Information shown:
- Opening Delimiter -

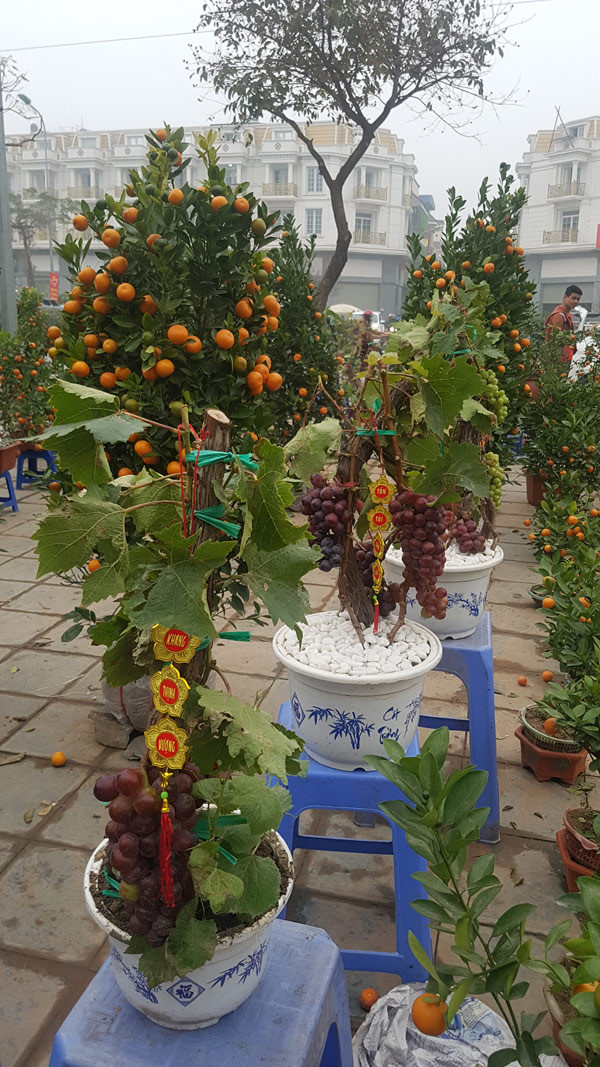Tết Nguy&ecirc;n đ&aacute;n,chợ hoa xu&acirc;n,si&ecirc;u c&acirc;y cảnh,c&acirc;y độc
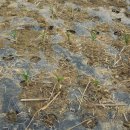 시동농장 이미지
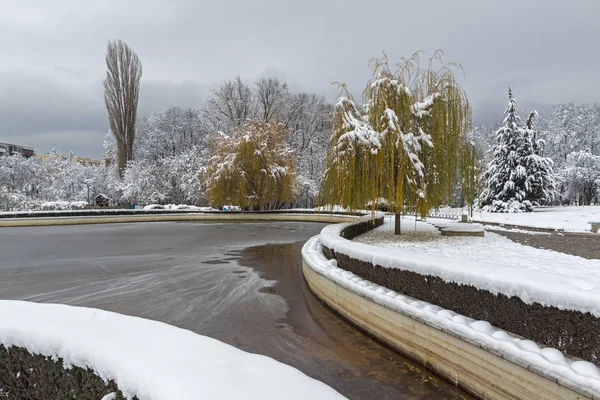 Vista Invierno Con Árboles Cubiertos Nieve South Park Ciudad Sofía —  Fotos de Stock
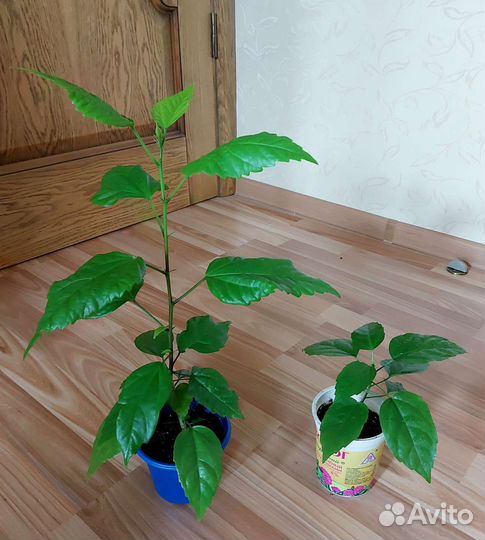 Фикусы,пальмы,кротоны и др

- Closing Delimiter -

Task goal:
Would it be possible to give the material above again exactly, with the pictures left out?

Reply:
Tết Nguy&ecirc;n đ&aacute;n,chợ hoa xu&acirc;n,si&ecirc;u c&acirc;y cảnh,c&acirc;y độc
 시동농장 이미지
 Vista Invierno Con Árboles Cubiertos Nieve South Park Ciudad Sofía —  Fotos de Stock
 Фикусы,пальмы,кротоны и др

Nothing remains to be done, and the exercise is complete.